With small buildings, few faculty and staff members, and a curriculum built largely around free, online programs, micro schools strip education down to the bare essentials.
It costs just under $10,000 a year to attend Acton’s flagship school in Austin and around $25,000 on average at AltSchool. That may seem like a lot of money—especially when compared to free public school—but tuition at AltSchool is 10 to 15 percent lower than the average private school tuition in San Francisco, said Horn.
And private schools on the low end of the spectrum are often religiously affiliated, such as urban Catholic schools geared mostly toward low-income families. Even in New Orleans, a city with numerous private and public options, micro schools have found a niche.
“When we looked around New Orleans, all the private schools were very expensive or religiously affiliated,” said Kim Gibson, a parent of three children who launched the city’s first micro school.
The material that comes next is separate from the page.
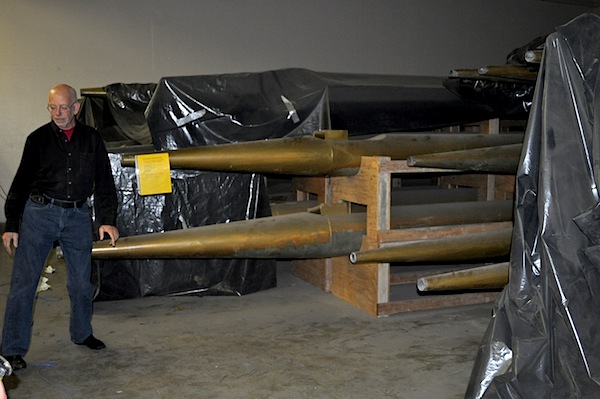 Michael Evje standing at the tapered feet of the organ's display pipes. Air from two 20 horsepower blowers enters all of the organ's 7,500 pipes through these smaller ends.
Tuition at NOLA Micro Schools is between $6,000 and $12,000 per year.
Although the overall quality of public schooling in New Orleans has gotten better in the decade since Hurricane Katrina triggered a massive overhaul of the city’s K-12 system, the pace wasn’t moving fast enough for Gibson, whose oldest daughter is in 6th grade.
Gibson saw other benefits to going the private school route, even in a city where charters account for over 90 percent of all public schools. With fewer regulations than even charters, Gibson could get her school up and running more quickly while having the freedom to build a curriculum unrestrained by standardized tests. Her reasoning echoes Max Ventilla’s, the founder of AltSchool, who has said going the private school route allows the network to expand faster and experiment more around instruction.
Next Stop: Charter Sector?
While some tout micro schools as a model for bringing change to private education, others see them as a means to a different end—a low-risk way to pilot public charter schools before launching full-scale campuses. That’s a new, and much talked about initiative of 4.0 Schools’ mission, a New Orleans-based education incubator nonprofit that helped Gibson start her school. The organization is supporting the development of a handful of tiny pilot charters in New Orleans and California, as well as a Catholic micro school network based in Atlanta.
Although public schools, specifically those within the charter sector, are just starting to experiment with the micro-school model, Horn doesn’t foresee that private micro schools will become a serious threat to regular public schools—it will always be hard to compete with tuition-free schools, he said. But Horn predicts that micro schools may eventually eat up the same share of the private school market as charters have of the public school sector.
“To me, it’s not hard to imagine this being 5 percent to 10 percent of the schooling population,” said Horn. “I think those independent schools are quite worried about them—or they should be if they’re not.”